## Your objective
Take the lines from the one with "LM là dòng xe" to the end of the listing, both ends included, and quote them exactly, leaving pictures out.

## Provided data
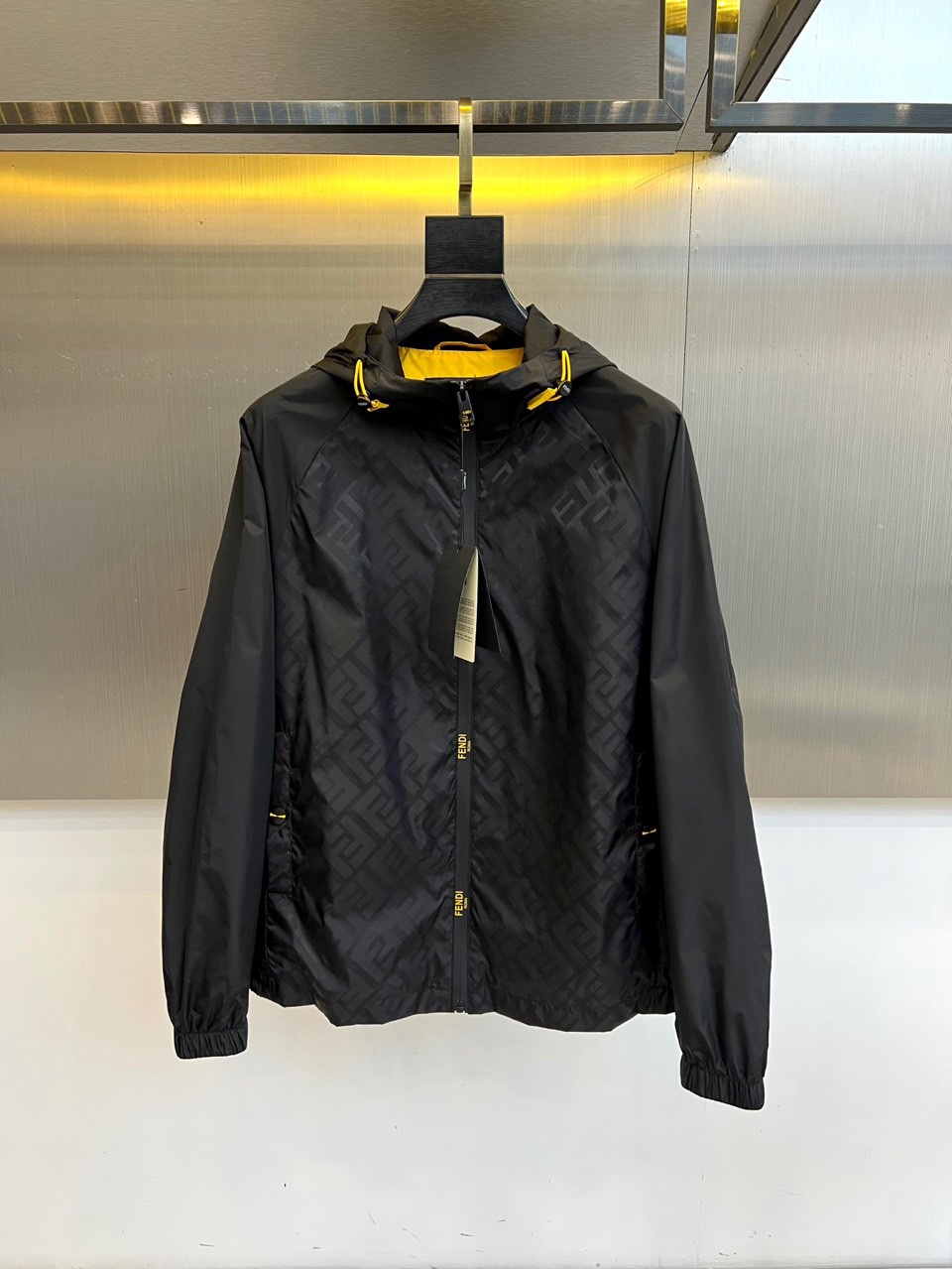 NO:760802,Fend Fendi, the new 2026 spring and summer hooded jacket has made its grand debut. It takes the brand's iconic FF presbyopia as the core design language. The main tone is intertwined with classic dark patterns, and it bursts with luxury recognition in a low-key manner. The hooded design is equipped with a contrasting rope adjustment buckle, which is both functional and trendy. The inner lining is made of  The bright color creates a visual surprise and enhances the overall level. The zipper placket is decorated with a FENDI metal nameplate, and the details show craftsmanship. The cuffs and hem are elasticated to fit the body shape and ensure freedom of movement. The lightweight windproof fabric is suitable for the changeable weather in spring, and is suitable for urban commuters.  For daily practical needs, it can also handle weekend leisure or light outdoor scenes. The overall style combines Italian elegance and modern sports style. The retro logo and contemporary silhouette collide to create a unique fashion tension. It is the finishing touch in the wardrobe that has both status symbol and practical wear value. Whether it is paired with simple white  T shows a casual style or layered shirts for a layered look. It can easily control various occasions, giving every step a sense of high-end and confidence. 48-56 (model is 173, 143 pounds, upper body size 50),,fendi,fendi,jackets  & coats,shirts,hats,19860909Fend芬迪、2026春夏新品连帽夹克重磅登场,以品牌标志性FF老花为核心设计语言,主调交织经典暗纹,低调中迸发奢华辨识度.连帽设计搭配撞色绳调节扣,兼具功能性与潮流感,内衬选用明亮色,形成视觉惊喜,提升整体层次.拉链门襟饰有FENDI金属铭牌,细节处彰显匠心工艺,袖口与下摆采用松紧收束,贴合身形又保障活动自由度.轻量防风面料适配春日多变天气,既满足都市通勤的实用需求,亦能驾驭周末休闲或轻户外场景.整体风格融合意式优雅与现代运动风,复古Logo与当代廓形碰撞出独特时尚张力,是衣橱中兼具身份象征与实穿价值的点睛之选.无论是搭配简约白T展现随性格调,还是叠穿衬衫演绎层次造型,都能轻松驾驭各种场合,让每一步都踏出高级感与自信力.48-56（模特173,143斤上身50码）,,fendi,fendi,jackets & coats,shirts,hats,,Men's clothing
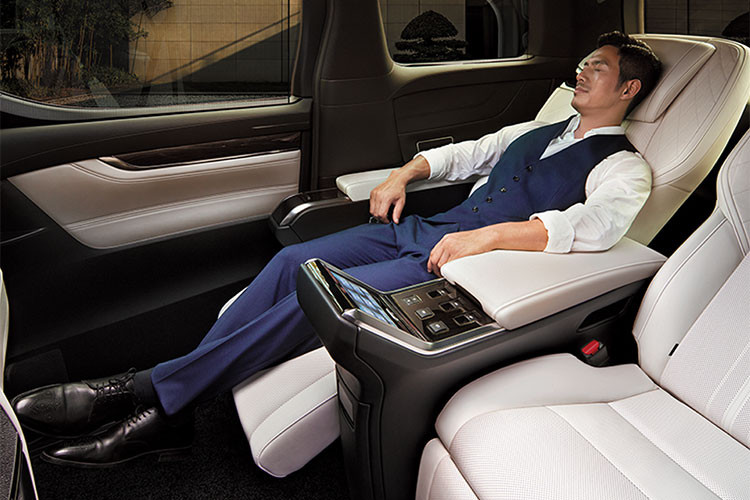 LM là dòng xe đầu tiên trên thế giới sử dụng vật liệu đàn hồi thấp AdaptiPedicTM được trang bị cho hàng ghế thứ 2. Vật liệu này tăng diện tích nâng đỡ cơ thể thêm trung bình 25% và có đặc tính ghi nhớ giúp nâng đỡ vừa vặn người ngồi, mang lại sự dễ chịu trong những chuyến đi dài. AdaptiPedicTM cũng giúp giảm chấn và hấp thụ rung động tần số thấp, đồng thời khả năng duy trì tính nhất quán của vật liệu dù nhiệt độ thay đổi mang đến sự thoải mái tiện nghi trong mọi điều kiện khí hậu.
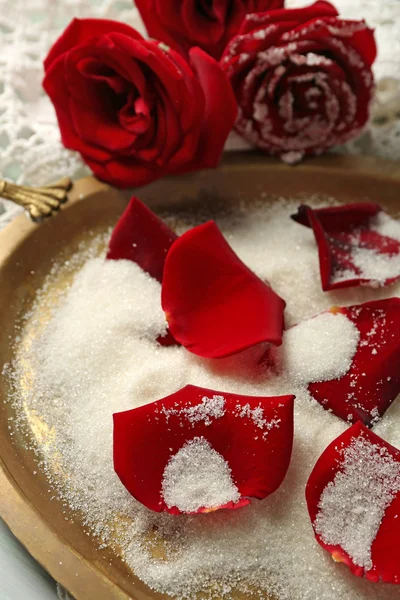 Candied sugared roses petals on tray, close-up — Stock Photo, Image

## Written solution
 LM là dòng xe đầu tiên trên thế giới sử dụng vật liệu đàn hồi thấp AdaptiPedicTM được trang bị cho hàng ghế thứ 2. Vật liệu này tăng diện tích nâng đỡ cơ thể thêm trung bình 25% và có đặc tính ghi nhớ giúp nâng đỡ vừa vặn người ngồi, mang lại sự dễ chịu trong những chuyến đi dài. AdaptiPedicTM cũng giúp giảm chấn và hấp thụ rung động tần số thấp, đồng thời khả năng duy trì tính nhất quán của vật liệu dù nhiệt độ thay đổi mang đến sự thoải mái tiện nghi trong mọi điều kiện khí hậu.
 Candied sugared roses petals on tray, close-up — Stock Photo, Image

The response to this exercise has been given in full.